## EXERCISE:
First find the line with "Heavy Fandy Satin Silk Saree" in the entries below, then set down exactly every line through the line with "Yellow & Silver", that line included.

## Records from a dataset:
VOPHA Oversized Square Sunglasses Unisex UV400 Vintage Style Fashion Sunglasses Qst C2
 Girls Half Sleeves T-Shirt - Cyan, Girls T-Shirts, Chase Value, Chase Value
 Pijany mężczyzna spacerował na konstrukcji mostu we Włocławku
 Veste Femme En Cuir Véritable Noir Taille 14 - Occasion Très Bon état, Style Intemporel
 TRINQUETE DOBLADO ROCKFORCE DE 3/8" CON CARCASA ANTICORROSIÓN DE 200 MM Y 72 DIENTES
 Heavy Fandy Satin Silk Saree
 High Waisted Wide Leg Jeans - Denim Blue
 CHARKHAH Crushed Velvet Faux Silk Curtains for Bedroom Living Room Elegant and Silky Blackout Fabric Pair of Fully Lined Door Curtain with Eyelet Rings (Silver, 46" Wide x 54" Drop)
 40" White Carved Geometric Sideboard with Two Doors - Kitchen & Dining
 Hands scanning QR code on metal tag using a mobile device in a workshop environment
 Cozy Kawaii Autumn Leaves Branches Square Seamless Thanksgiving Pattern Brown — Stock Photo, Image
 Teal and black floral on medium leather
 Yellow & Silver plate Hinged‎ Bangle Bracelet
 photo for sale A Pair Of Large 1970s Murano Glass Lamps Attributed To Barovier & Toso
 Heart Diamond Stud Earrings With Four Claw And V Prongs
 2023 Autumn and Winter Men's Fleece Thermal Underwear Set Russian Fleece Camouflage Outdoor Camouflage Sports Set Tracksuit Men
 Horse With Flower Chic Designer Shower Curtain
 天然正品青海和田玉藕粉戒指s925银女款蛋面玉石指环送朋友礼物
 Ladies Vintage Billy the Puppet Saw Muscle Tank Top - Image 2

## EXPECTED OUTPUT:
 Heavy Fandy Satin Silk Saree
 High Waisted Wide Leg Jeans - Denim Blue
 CHARKHAH Crushed Velvet Faux Silk Curtains for Bedroom Living Room Elegant and Silky Blackout Fabric Pair of Fully Lined Door Curtain with Eyelet Rings (Silver, 46" Wide x 54" Drop)
 40" White Carved Geometric Sideboard with Two Doors - Kitchen & Dining
 Hands scanning QR code on metal tag using a mobile device in a workshop environment
 Cozy Kawaii Autumn Leaves Branches Square Seamless Thanksgiving Pattern Brown — Stock Photo, Image
 Teal and black floral on medium leather
 Yellow & Silver plate Hinged‎ Bangle Bracelet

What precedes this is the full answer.